─── Records supplied ───
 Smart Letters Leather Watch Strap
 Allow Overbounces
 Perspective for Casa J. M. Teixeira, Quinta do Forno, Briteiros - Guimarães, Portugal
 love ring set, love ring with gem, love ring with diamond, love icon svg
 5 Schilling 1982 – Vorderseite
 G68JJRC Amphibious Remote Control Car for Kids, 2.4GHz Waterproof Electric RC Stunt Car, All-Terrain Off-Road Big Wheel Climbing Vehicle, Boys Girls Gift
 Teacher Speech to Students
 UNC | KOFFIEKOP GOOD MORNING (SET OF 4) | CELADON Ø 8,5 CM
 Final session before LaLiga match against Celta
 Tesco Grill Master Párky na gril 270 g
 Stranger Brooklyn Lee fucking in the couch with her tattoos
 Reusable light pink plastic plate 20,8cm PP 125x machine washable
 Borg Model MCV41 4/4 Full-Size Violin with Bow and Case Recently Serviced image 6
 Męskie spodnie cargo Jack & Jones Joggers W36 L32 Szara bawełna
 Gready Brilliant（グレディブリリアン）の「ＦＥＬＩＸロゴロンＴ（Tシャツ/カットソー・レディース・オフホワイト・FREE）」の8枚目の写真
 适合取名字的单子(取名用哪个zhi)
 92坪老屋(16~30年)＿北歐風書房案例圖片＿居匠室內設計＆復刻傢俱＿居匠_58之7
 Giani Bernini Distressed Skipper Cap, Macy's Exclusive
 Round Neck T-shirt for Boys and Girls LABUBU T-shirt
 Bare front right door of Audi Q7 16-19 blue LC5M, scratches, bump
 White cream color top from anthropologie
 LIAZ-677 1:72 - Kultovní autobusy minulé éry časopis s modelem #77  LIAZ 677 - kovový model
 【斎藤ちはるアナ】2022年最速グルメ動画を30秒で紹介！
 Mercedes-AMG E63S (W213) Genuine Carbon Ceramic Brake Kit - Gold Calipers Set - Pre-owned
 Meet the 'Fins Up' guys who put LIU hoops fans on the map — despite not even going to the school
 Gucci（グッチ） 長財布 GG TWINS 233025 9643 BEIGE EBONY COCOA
───
If a line above contains the string "Boys", count it, then give the total and nothing else.

> [Output for this task] 2